The part below that opens with the line containing "Casual Solid Solid" and closes with the line containing "Slimy Halloween Invitation Kaart (Voorkant)" should be copied exactly, minus any pictures.
── Material for this exercise ──
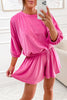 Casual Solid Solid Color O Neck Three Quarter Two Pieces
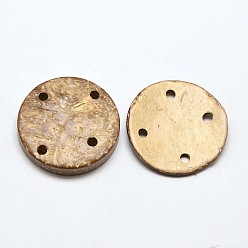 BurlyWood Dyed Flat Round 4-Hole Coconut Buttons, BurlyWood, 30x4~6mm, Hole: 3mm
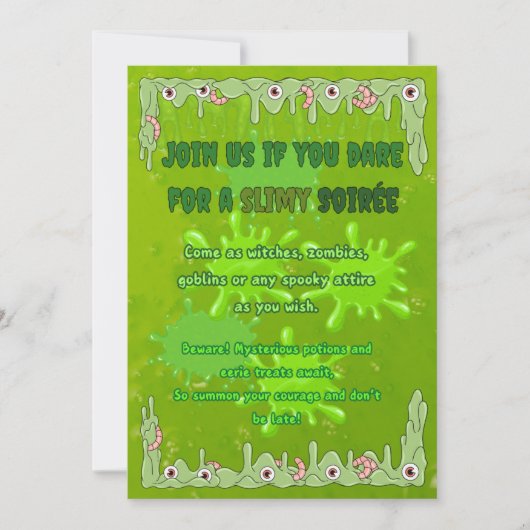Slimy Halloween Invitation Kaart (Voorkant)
───
── Material for this exercise ──
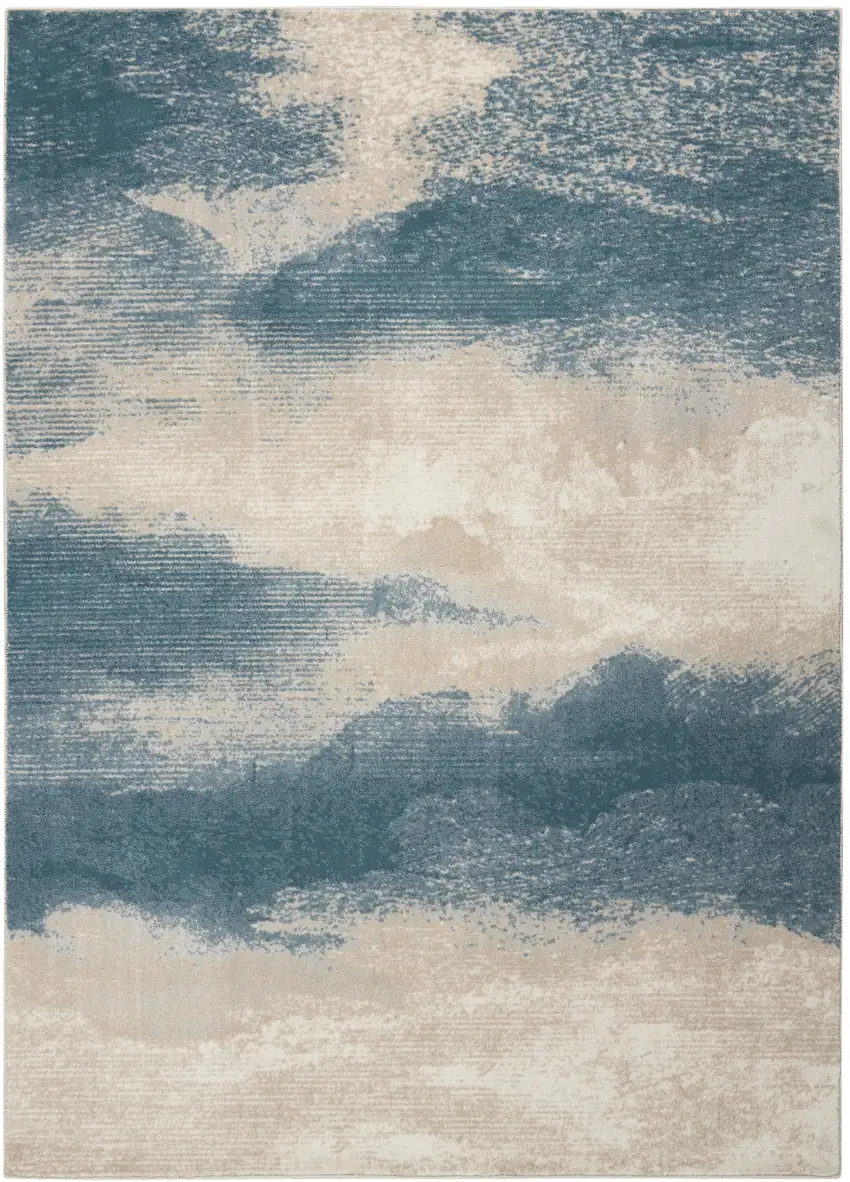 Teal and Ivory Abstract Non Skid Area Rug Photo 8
───
── Material for this exercise ──
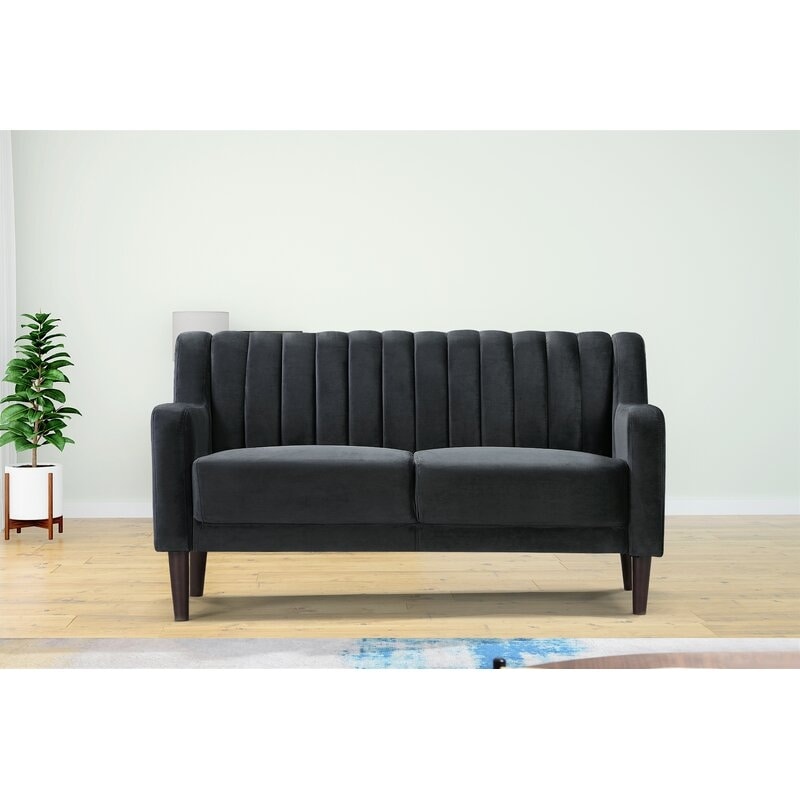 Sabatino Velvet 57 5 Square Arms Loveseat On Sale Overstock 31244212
───
- Solution to the problem:
 Casual Solid Solid Color O Neck Three Quarter Two Pieces
 BurlyWood Dyed Flat Round 4-Hole Coconut Buttons, BurlyWood, 30x4~6mm, Hole: 3mm
Slimy Halloween Invitation Kaart (Voorkant)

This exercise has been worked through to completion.